[cap-talk] Virtualizability vs. Synergy
David Hopwood
david.nospam.hopwood at blueyonder.co.uk
Sun Jul 9 09:29:15 EDT 2006
Norman Hardy wrote:
> I wrote some short notes on Virtualizability vs. Synergy at
> <http://cap-lore.com/CapTheory/Patterns/CapParam.html>.
> My description of virtualizability in Keykos is still scanty.
# In each synergy pattern I rely on some other object that I did not get
# from you to tell me whether I can safely use P. I pass P to it and it
# replies yes or no.
This is less general than asking the 'other object' to return a wrapper
for P. A wrapper can enforce that P dynamically follows any given protocol,
without knowing its implementation. A vetter usually needs to recognize or
analyse P's implementation in order to show that it has the desired properties.
(I believe Joule used the wrapper approach, calling these objects "verifiers".)
> It is part of the issue of whether platforms should provide "Eq?".

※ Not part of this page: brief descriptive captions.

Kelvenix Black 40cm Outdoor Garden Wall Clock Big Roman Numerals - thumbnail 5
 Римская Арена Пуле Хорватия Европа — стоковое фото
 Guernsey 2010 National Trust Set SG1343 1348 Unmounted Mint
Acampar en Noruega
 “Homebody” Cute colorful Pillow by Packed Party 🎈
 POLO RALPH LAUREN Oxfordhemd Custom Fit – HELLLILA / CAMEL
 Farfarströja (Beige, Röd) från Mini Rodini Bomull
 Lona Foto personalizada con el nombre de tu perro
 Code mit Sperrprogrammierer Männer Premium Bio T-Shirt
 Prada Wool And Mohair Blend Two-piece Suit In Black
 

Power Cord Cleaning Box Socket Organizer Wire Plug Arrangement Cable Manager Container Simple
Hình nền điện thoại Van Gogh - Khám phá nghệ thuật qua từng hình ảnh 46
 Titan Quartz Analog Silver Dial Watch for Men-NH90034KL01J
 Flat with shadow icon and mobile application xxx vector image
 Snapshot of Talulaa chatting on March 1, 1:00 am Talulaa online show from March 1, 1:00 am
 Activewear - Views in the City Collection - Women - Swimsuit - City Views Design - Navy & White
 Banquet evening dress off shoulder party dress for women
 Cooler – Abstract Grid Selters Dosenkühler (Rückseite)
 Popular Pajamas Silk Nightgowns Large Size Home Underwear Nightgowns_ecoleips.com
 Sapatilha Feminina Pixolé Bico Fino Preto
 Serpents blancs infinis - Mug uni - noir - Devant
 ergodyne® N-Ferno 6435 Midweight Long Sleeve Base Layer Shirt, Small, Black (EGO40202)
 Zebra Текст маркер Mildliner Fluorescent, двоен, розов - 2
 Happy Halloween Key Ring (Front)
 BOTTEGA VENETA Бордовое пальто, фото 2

> Dean Tribble has stories about how to solve without synergy, some of
> the problems that Keykos solves with synergy,
> I cannot recall the details.
My current understanding is:
- it is possible to define wrapper-style and vetting-style variants of all
known rights amplification/synergy mechanisms, including grant matching;
- EQ (or another vetting-style mechanism as a primitive) is needed to
express each of the vetting-style variants;
- neither EQ nor any primitive rights amplification mechanism is needed to
express the wrapper-style variants -- for example, they can be expressed
in the pure actor model without EQ, by using the Joule verifier protocol:
<http://www.eros-os.org/pipermail/e-lang/2001-October/005855.html>;
- EQ is mostly harmless. Although it interferes with transparent forwarding,
this is usually not an important issue;
- EQ is convenient to make implementations of (even wrapper-style) rights
amplification more efficient and simpler. It's also familiar to, and
expected by, users of conventional OO languages.